IV. RELATED WORK This section compares ICERs with previous efforts in high-level synthesis, custom coprocessor design, and other FPGA-based accelerator platforms.
High-level synthesis High-level synthesis research has been going on for several decades leading to a variety of commercial tools, as detailed in a recent book [4] . The primary goal of C-to-silicon synthesis frameworks such as AutoESL [23] , Impulse C [7] , Synopsys Synphony/PICO [15] , CHiMPS [14] , and Altera C2H [11] is to reduce the effort that creating accelerators requires, by building them directly from a high-level language. To accelerate execution, these tools must either infer parallel execution from serial code or force the programmer to rewrite their code in a more explicitly parallel language or dialect [18] . Because of this, they face the same challenges as parallelizing compilers. In addition, acceleration typically requires a parallel memory system that is difficult to integrate with existing serial soft cores. Because of the difficulty of these challenges, existing tools tend to compromise on automation and backward compatibility. In contrast, ICERs focus on energy first and performance second.
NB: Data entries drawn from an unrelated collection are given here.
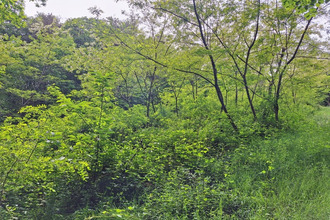  terrain venarsal 19360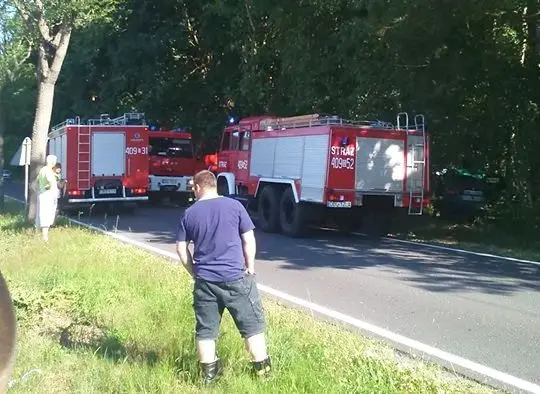 Auto wypadło z drogi koło Parowej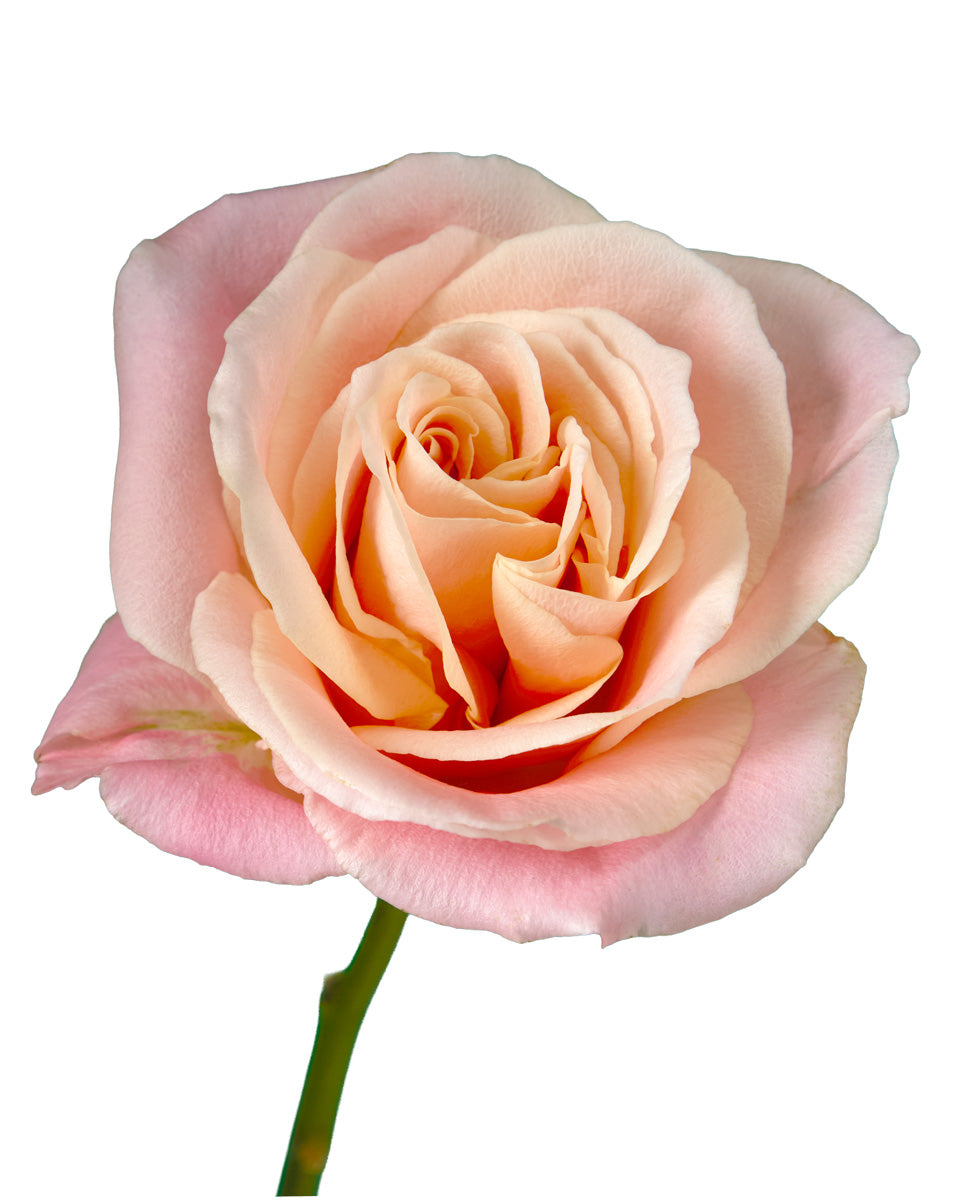 Miss Piggy Rose Valentine Day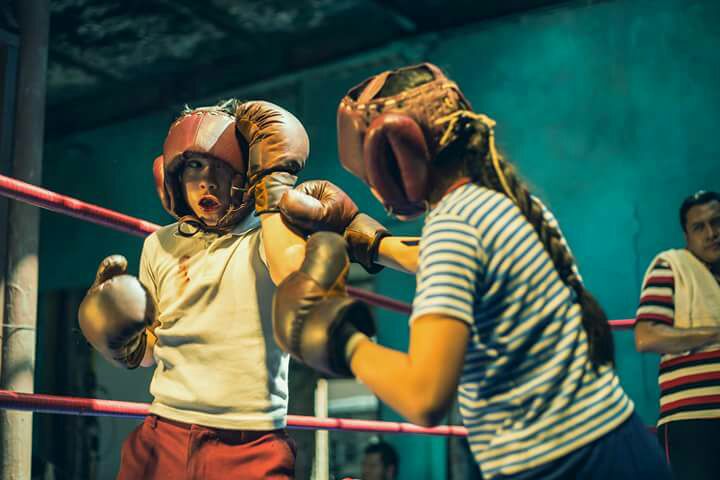 FanyGoldenGirl's tweet photo. No te pierdas el gran estreno de #ElCésar, lunes 12 de febrero.Por Azteca 🥊 #LosTiemposDeDiosSonPerfectos #NiñaDeOro #NiñaDeOroTem @RENE_RP @PepeCamarillo https://t.co/8QuQjKUmx3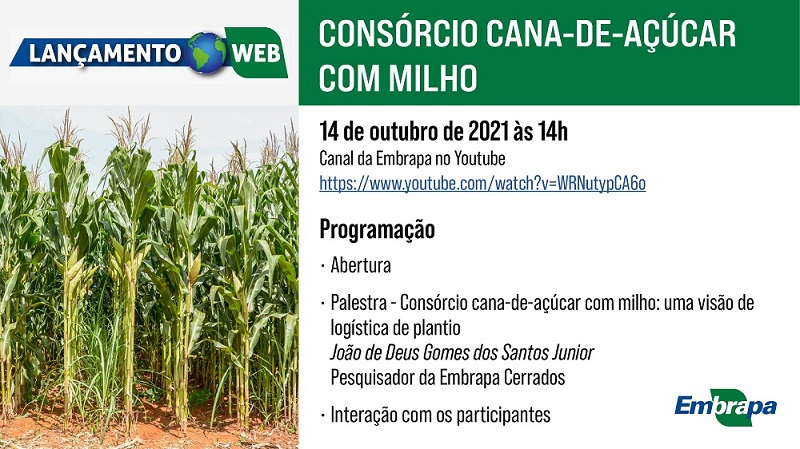 milho-cana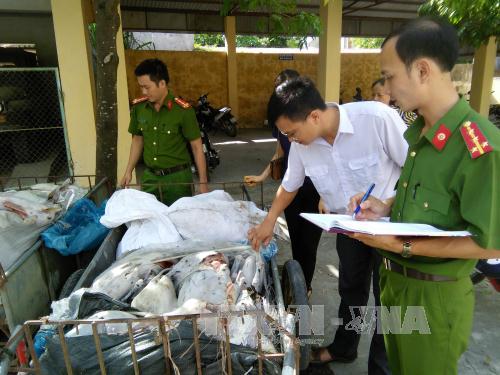 Ninh Bình: Phát hiện 42 con dê đã làm thịt bốc mùi hôi thối, có nguồn gốc... Sơn La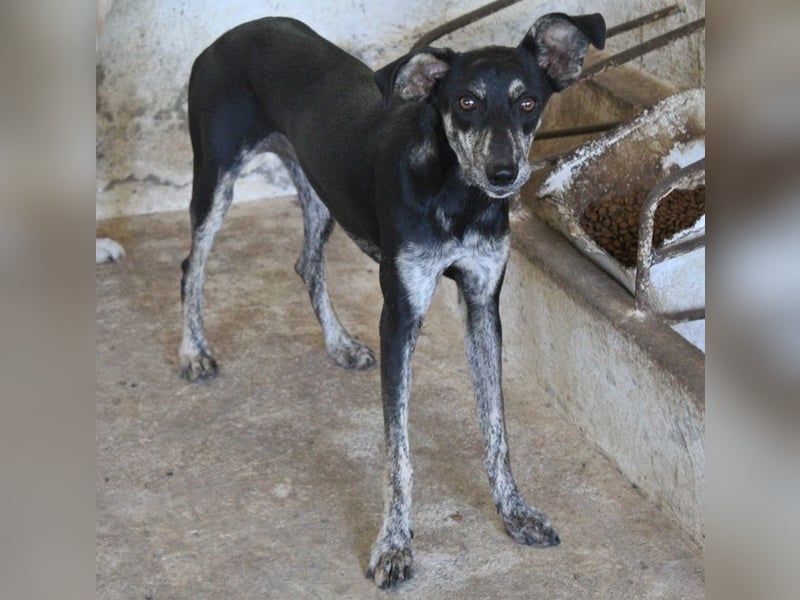 Savina, geb. ca. 01/2025, lebt in GRIECHENLAND, auf einer privaten Pflegestelle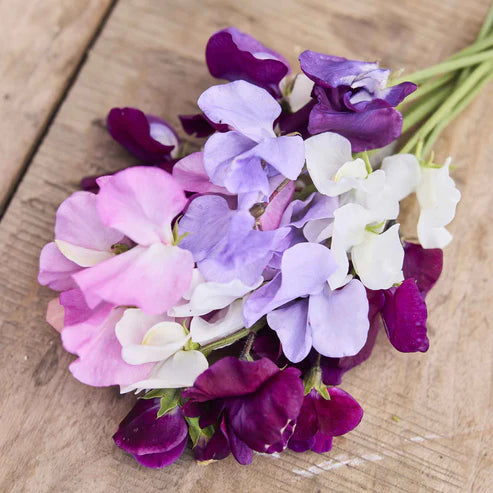 Sweet Pea Seeds - Royal Mix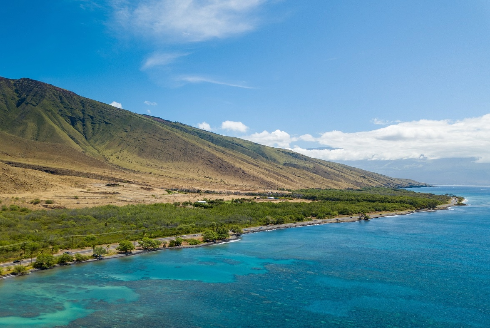 The U.S. Supreme Court ruling addressed the issue of whether a federal permit was needed to discharge wastewater off the west side of the Island of Maui because it was contaminating a coral reef. USF School of Geosciences Chair Mark Rains joined colleagues in advocating for environmental protections.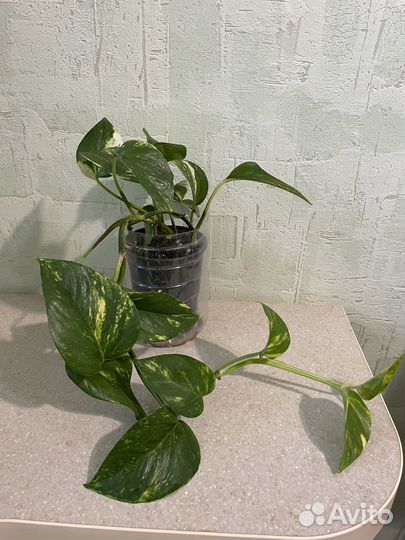 Сциндапсус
This allows the approach to be completely automated, achieve high execution coverage, retain backward compatibility, and save energy on arbitrary code.
Reconfigurable substrates Several related efforts examine the benefits of coupling non-commodity reconfigurable fabrics with a processor core for program acceleration. GARP [2] and Chimaera [22] were early works that proposed automated approaches for offloading execution to reconfigurable fabrics integrated with a hard core. Tartan [12] examined the implications of mapping entire programs onto a hierarchical coarse-grained asynchronous fabric. Warp [19] performs dynamic translation of binaries to a specialized FPGA substrate optimized for on-the-fly synthesis, but employs an additional soft core to run the high-performance synthesis infrastructure. Conservation cores [20] have recently been proposed to create energyefficient ASICs for irregular applications, but have limited reconfigurability.
V. CONCLUSION
We have presented ICERs, customized logic circuits that reduce the dynamic power of FPGA system components traditionally run on soft cores. Tight coupling with a soft processor, including sharing of the L1 data cache and support for arbitrary control transitions between the soft core and ICER allow ICERs to be drop-in replacements for the code they implement. This greatly eases system-level design and testing complexity, and allows for full automation of both ICER construction and system integration with no programmer intervention. ICERs retain the performance of the soft cores they replace, but reduce compute energy by 5.3× and improve EDP by 5.1×.